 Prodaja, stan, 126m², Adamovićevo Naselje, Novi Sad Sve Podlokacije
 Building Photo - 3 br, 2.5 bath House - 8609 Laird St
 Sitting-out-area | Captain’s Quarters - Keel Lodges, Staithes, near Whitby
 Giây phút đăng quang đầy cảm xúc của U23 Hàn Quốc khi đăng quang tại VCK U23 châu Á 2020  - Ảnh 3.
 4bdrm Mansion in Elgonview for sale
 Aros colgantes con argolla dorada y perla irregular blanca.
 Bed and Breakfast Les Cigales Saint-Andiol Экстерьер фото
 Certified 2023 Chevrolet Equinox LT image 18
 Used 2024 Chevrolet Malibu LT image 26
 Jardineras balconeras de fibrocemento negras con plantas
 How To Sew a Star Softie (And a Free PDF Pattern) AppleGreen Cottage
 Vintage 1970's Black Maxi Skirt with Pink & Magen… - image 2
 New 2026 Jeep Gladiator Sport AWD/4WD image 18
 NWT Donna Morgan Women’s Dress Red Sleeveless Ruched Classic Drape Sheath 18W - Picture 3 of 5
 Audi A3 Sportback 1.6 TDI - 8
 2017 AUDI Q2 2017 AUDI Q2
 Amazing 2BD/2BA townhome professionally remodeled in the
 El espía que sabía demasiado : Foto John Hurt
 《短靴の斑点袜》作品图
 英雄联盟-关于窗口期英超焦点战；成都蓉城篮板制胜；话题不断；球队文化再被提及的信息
★ ★ ★
An exact copy of every line from the one containing "New 2026 Jeep" through the last line of the entries is required; please add nothing.

 New 2026 Jeep Gladiator Sport AWD/4WD image 18
 NWT Donna Morgan Women’s Dress Red Sleeveless Ruched Classic Drape Sheath 18W - Picture 3 of 5
 Audi A3 Sportback 1.6 TDI - 8
 2017 AUDI Q2 2017 AUDI Q2
 Amazing 2BD/2BA townhome professionally remodeled in the
 El espía que sabía demasiado : Foto John Hurt
 《短靴の斑点袜》作品图
 英雄联盟-关于窗口期英超焦点战；成都蓉城篮板制胜；话题不断；球队文化再被提及的信息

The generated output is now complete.